Termasuk dalam hal ini ialah perbuatan mengharamkan  apa  yang dihalalkan  oleh  Allah,  tanpa  dasar yang jelas; sebagaimana difirmankan oleh-Nya:

“Katakanlah: ‘Terangkanlah kepadaku tentang rizki yang diturunkan oleh Allah kepadamu, lalu kamu jadikan sebagiannya haram dan (sebagiannya) halal.’ Katakanlah: ‘Apakah Allah telah memberikan izin kepadamu (tentang ini) atau kamu mengada-adakan saja terhadap Allah?'” (Yunus: 59)

Selain itu, juga perbuatan yang  dimaksudkan  untuk  beribadah kepada Allah tetapi tidak disyariahkan dalam ajaran agama-Nya, seperti  mengadakan  upacara-upacara  keagamaan   yang   tidak diajarkan oleh agama.

“Apakah mereka mempunyai sembahan-sembahan selain Allah yang mensyariahkan untuk mereka agama yang tidak diizinkan oleh Allah?…” (as-Syura: 21)

Dalam sebuah hadits disebutkan:

“Jauhilah, hal-hal baru dalam urusan agama, karena sesungguhnya setiap bid’ah adalah kesesatan.”59

“Barangsiapa mengada-adakan sesuatu dalam urusan kami, dan ia tidak ada dalam ajaran kami, maka sesuatu itu tidak diterima.”60

Kedua macam bid’ah di atas –sebagaimana  dikatakan  oleh  Ibn al-Qayyim–  adalah  saling  bergantung  satu  dengan lainnya. Jarang  sekali  bid’ah  yang  terpisah  satu  dengan  lainnya; sebagaimana  dikatakan  oleh  sebagian  ulama:  “bid’ah  dalam perkataan  berkawin  dengan  bid’ah  amalan;  kemudian   kedua “pengantin”  itu  sibuk merayakan perkawinannya. Lalu keduanya melahirkan anak-anak zina yang hidup di negeri Islam; kemudian mereka bersama-sama kaum Muslimin menuju kepada Allah SWT.”
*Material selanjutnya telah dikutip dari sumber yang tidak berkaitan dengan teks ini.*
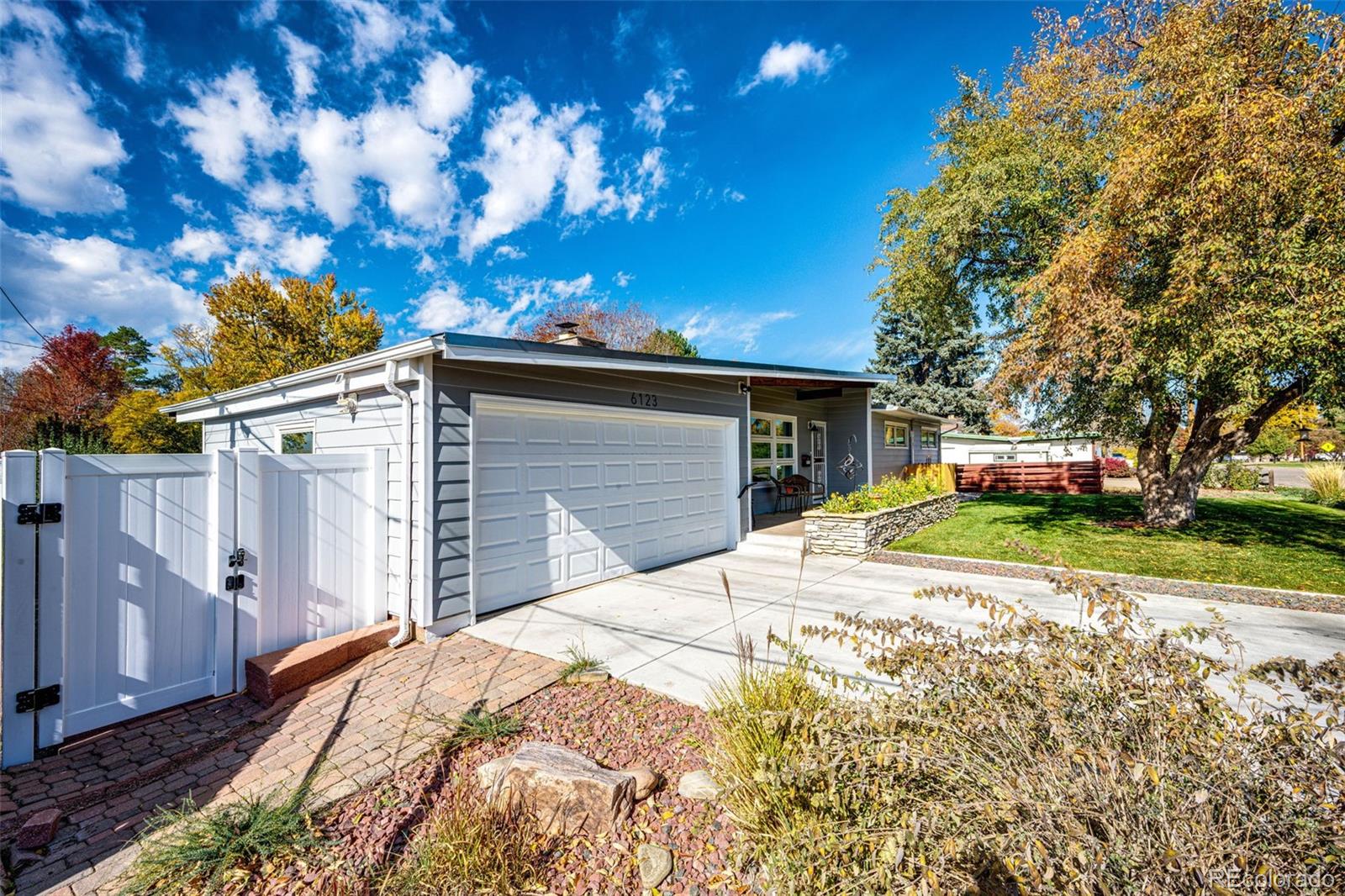 MLS Image #3 for 6123 s datura street,littleton, Colorado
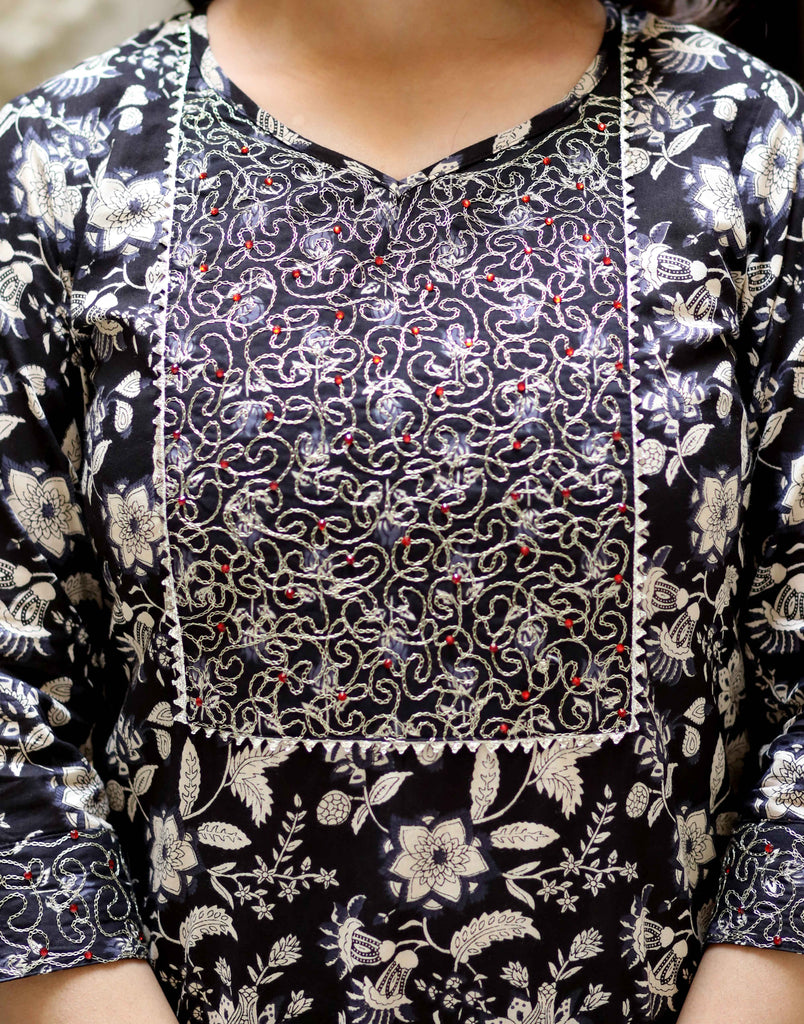 Women's Embroidered Kurta In Sweet-Heart Neck With Black Straight Palazzo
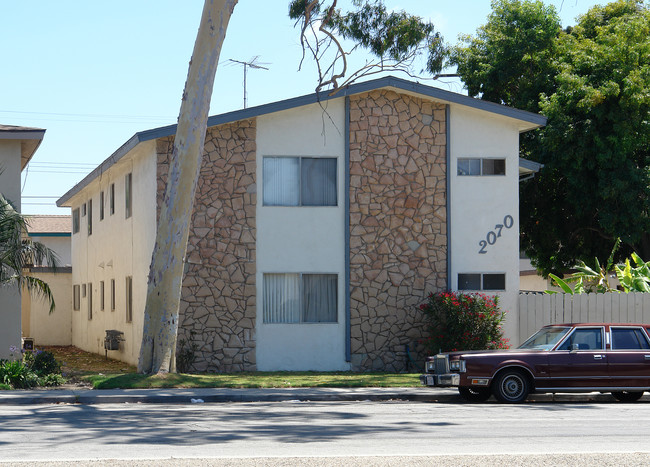 2070 N Ventura Rd in Oxnard, CA - Foto de edificio - Building Photo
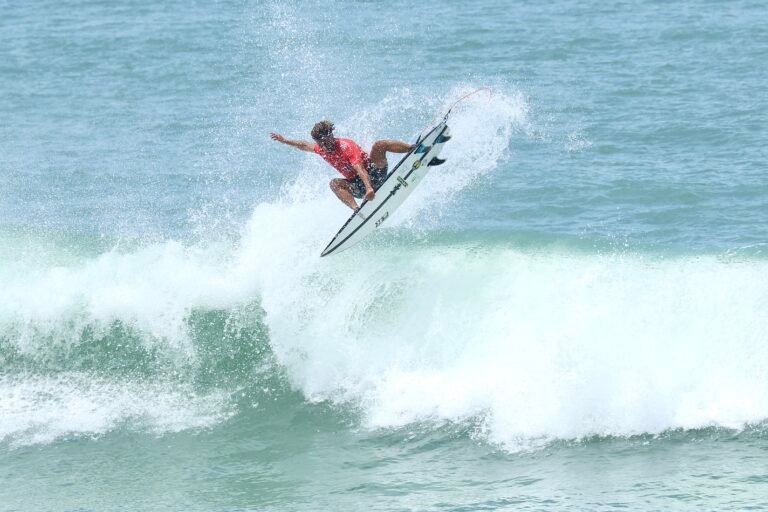 WSL Taíba Pro dá a largada nas competições masculinas do QS 1000 e Pro Junior no Ceará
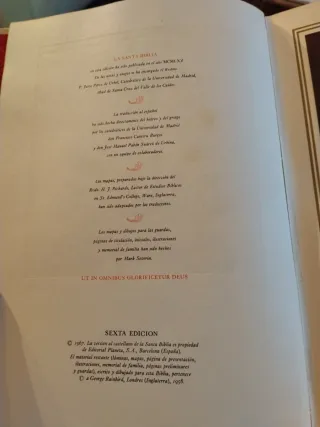 Biblia antigua con atril madera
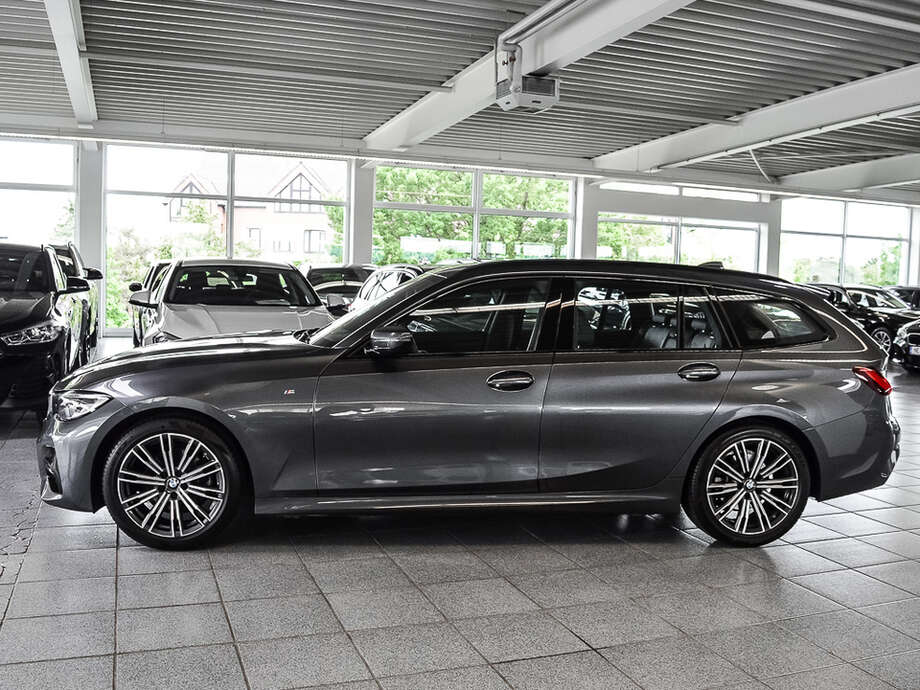 BMW 320i (Bild 4/18)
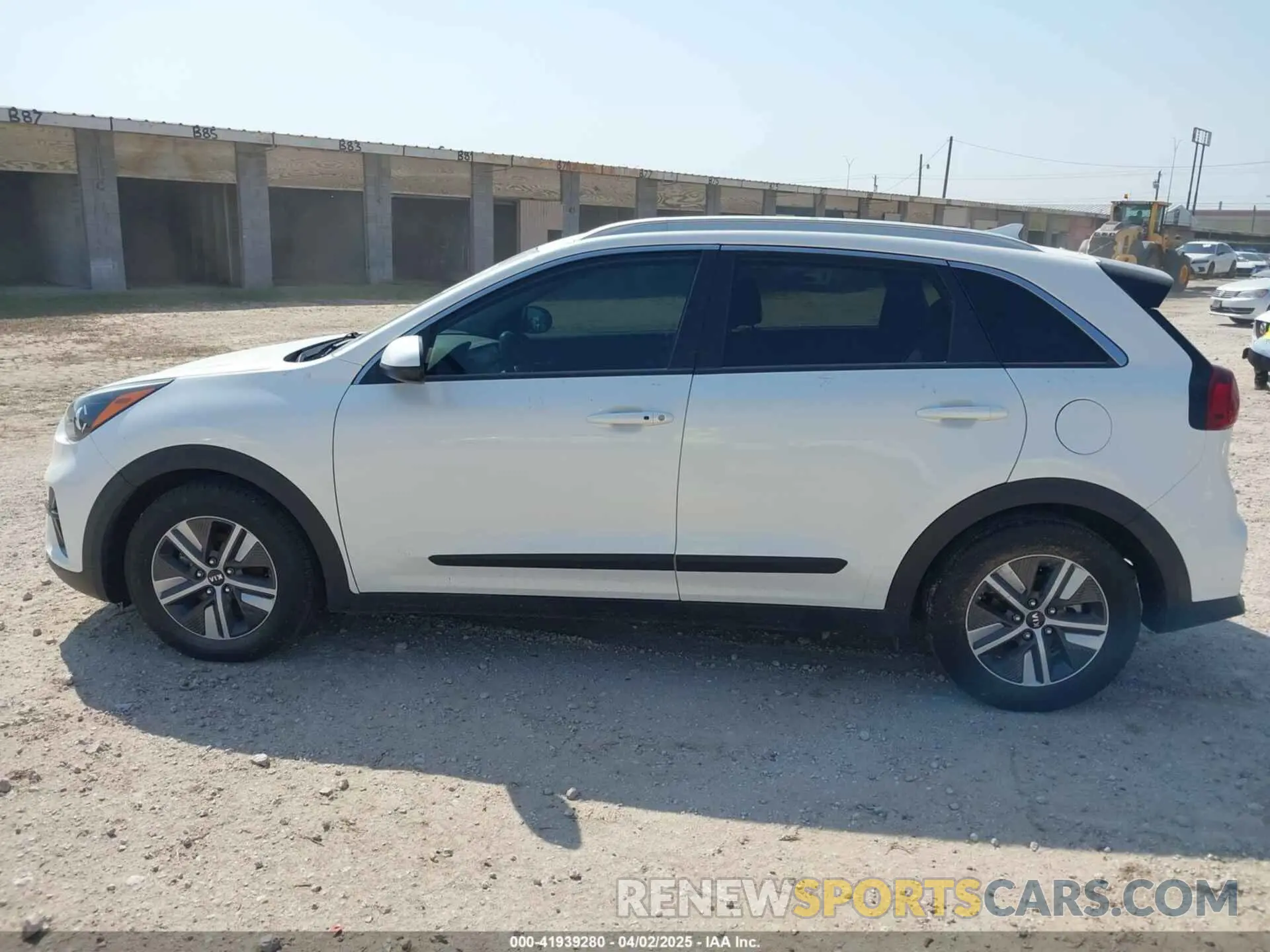 14 fotografías del automóvil dañado KNDCB3LCXL5400184 KIA NIRO 2020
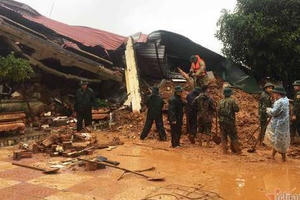 Những hình ảnh sạt lở kinh hoàng, vùi lấp 22 cán bộ chiến sỹ ở Quảng Trị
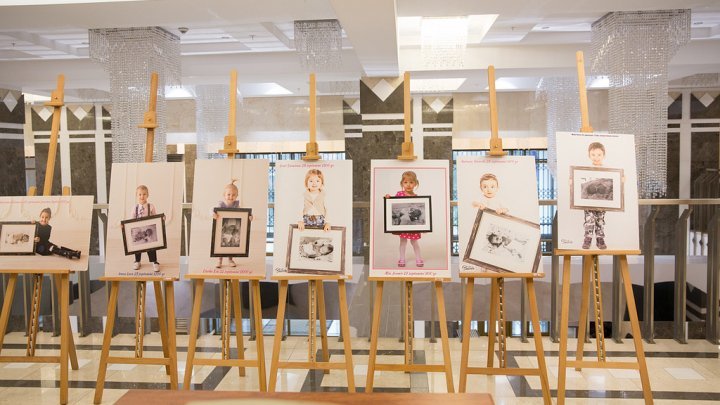 Parliament hosts exhibition dedicated to premature children (PHOTO)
Syaikh  Islam  Ibn  Taimiyah berkata, “Hakikat “dikawinkannya” kekafiran dengan bid’ah adalah lahirnya kerugian di dunia  dan akhirat.”

Bid’ah  lebih dicintai oleh Iblis daripada kemaksiatan, karena hal itu bertentangan dengan  ajaran  agama.  Di  samping  itu, orang  yang  melakukan bid’ah tidak merasa perlu bertobat, dan kembali kepada jalan yang benar.  Bahkan  dia  malah  mengajak orang  lain untuk menjalankan bid’ah itu bersama-sama. Seluruh isi bid’ah itu bertentangan dengan  apa  yang  diajarkan  oleh Allah  dan  Rasul-Nya.  bid’ah menolak semua ajaran agama yang dibenarkan. Ia memberi dukungan  kepada  orang  yang  memusuhi agama,  dan  memusuhi  orang  yang  mendukung  agama  ini.  Ia menetapkan apa yang di-nafi-kan oleh  agama,  dan  me-nafi-kan apa yang telah ditetapkan oleh agama.61

Seluruh bid’ah tidak berada pada satu  tingkatan.  Ada  bid’ah yang  berat  dan  ada pula bid’ah yang ringan. Ada bid’ah yang disepakati dan ada pula bid’ah yang dipertentangkan.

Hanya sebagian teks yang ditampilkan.